About this exercise:
Copy exactly, beginning with the line holding "Vendo Apto 3" and ending with the final line of the data beneath this task; copy nothing else, and leave out every picture.

(Short web captions)
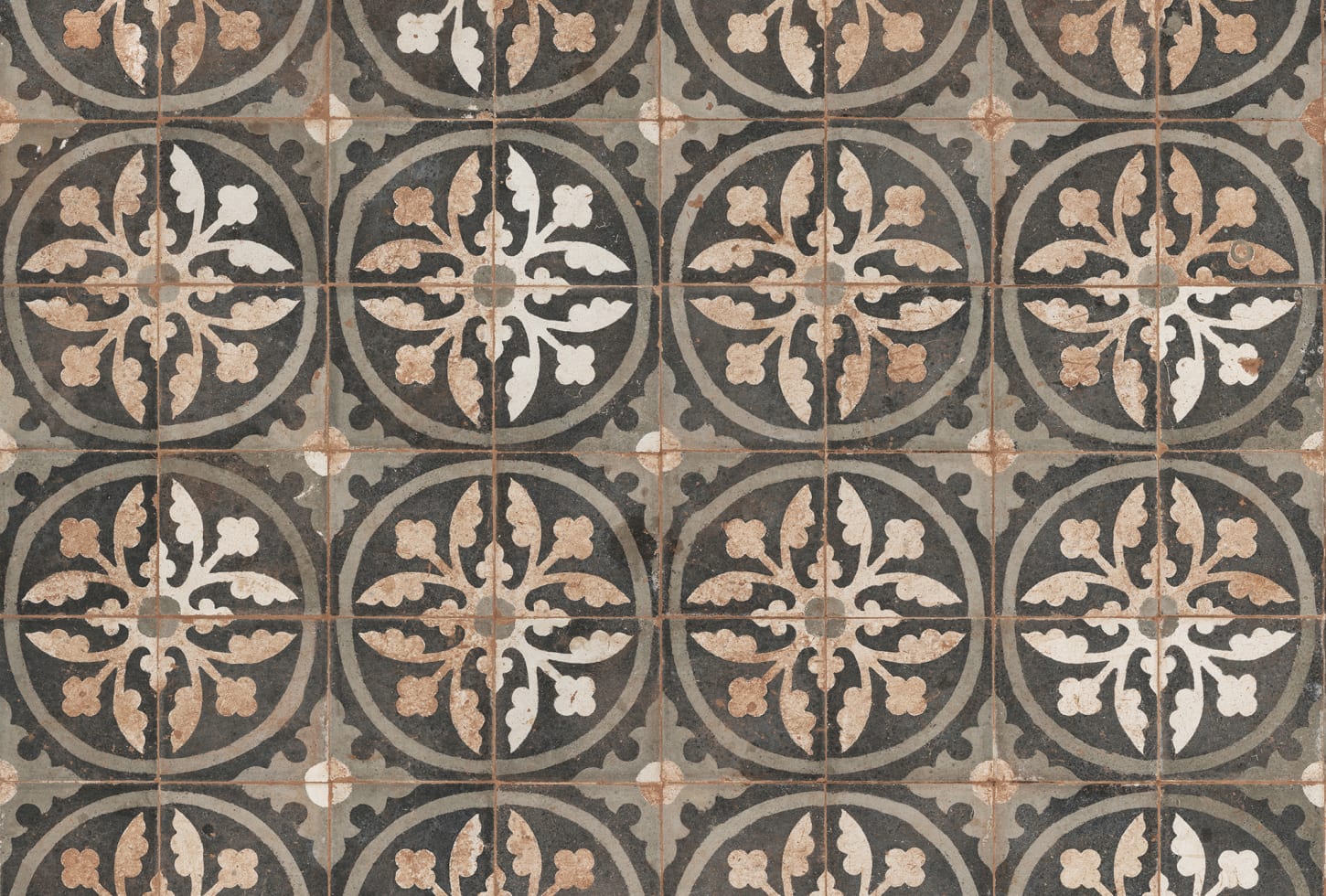 r17782_product Rebel Walls pilttapeet Ravenna, Rust R17782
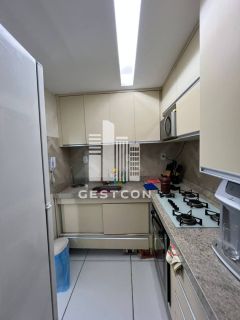 Vendo Apto 3 Quartos (1 Suíte) Reformado – Nascente com Cozinha Planejada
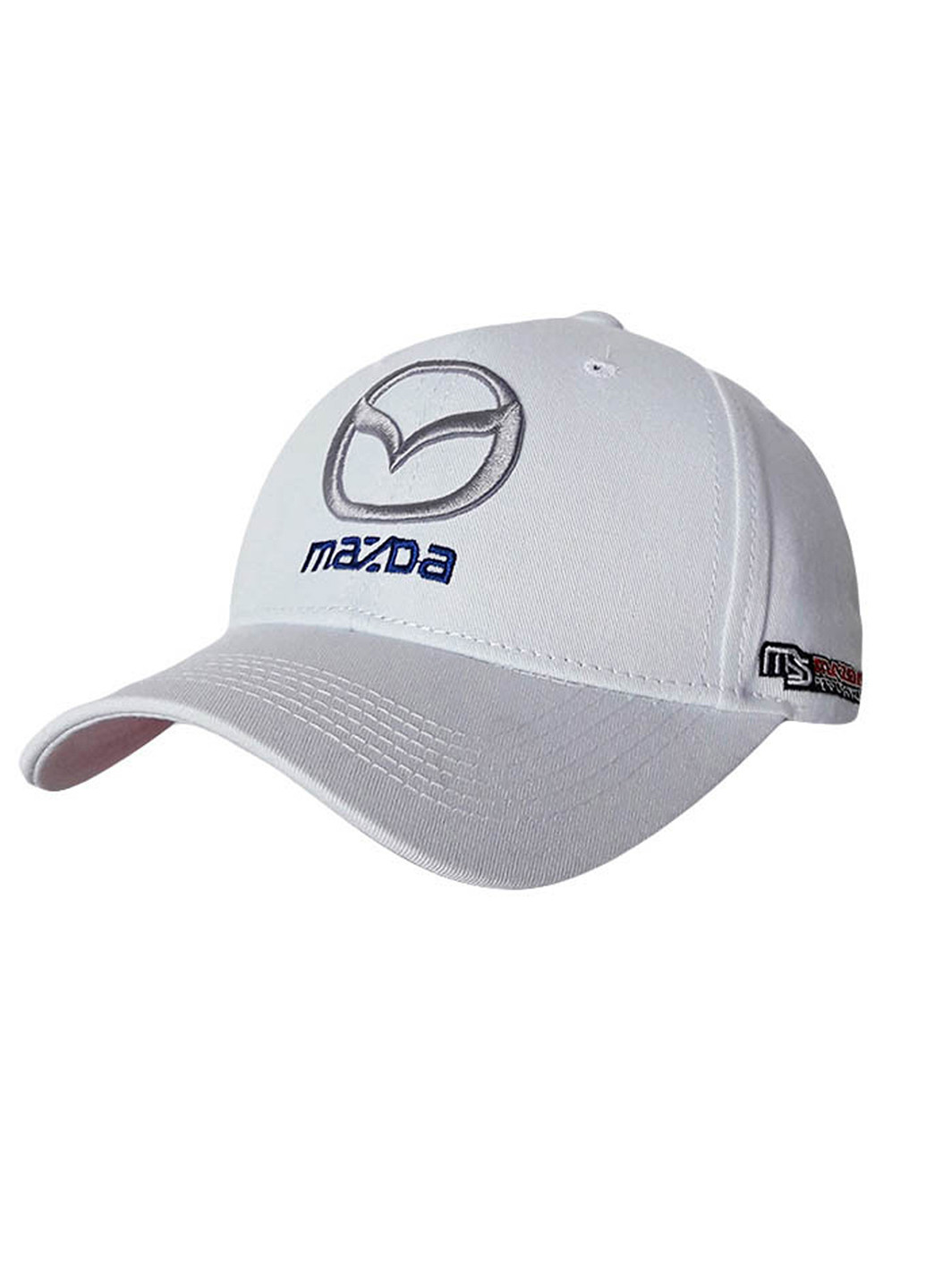 Бейсболка с логотипом авто Mazda Sport Line (211409634)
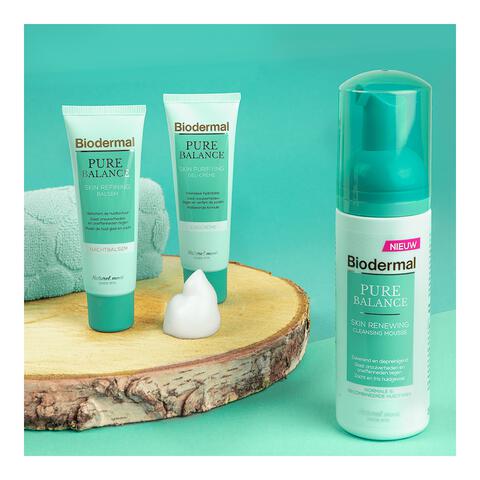 Biodermal Pure Balance Skin Purifying Gel-Crème 50 ML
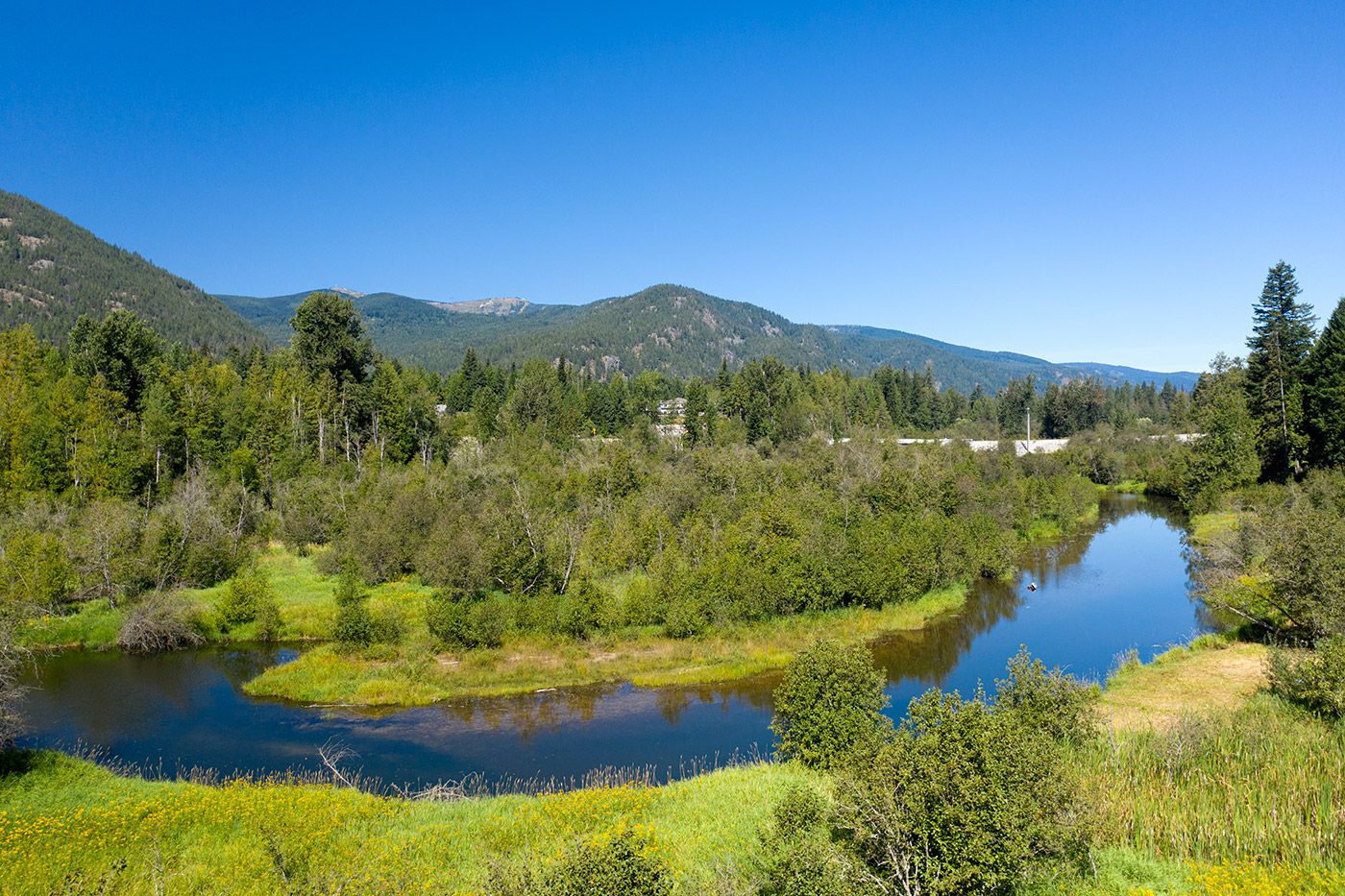 476910 Hwy 95, Ponderay, ID 83852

Solution to this task:
 Vendo Apto 3 Quartos (1 Suíte) Reformado – Nascente com Cozinha Planejada
 Бейсболка с логотипом авто Mazda Sport Line (211409634)
 Biodermal Pure Balance Skin Purifying Gel-Crème 50 ML
 476910 Hwy 95, Ponderay, ID 83852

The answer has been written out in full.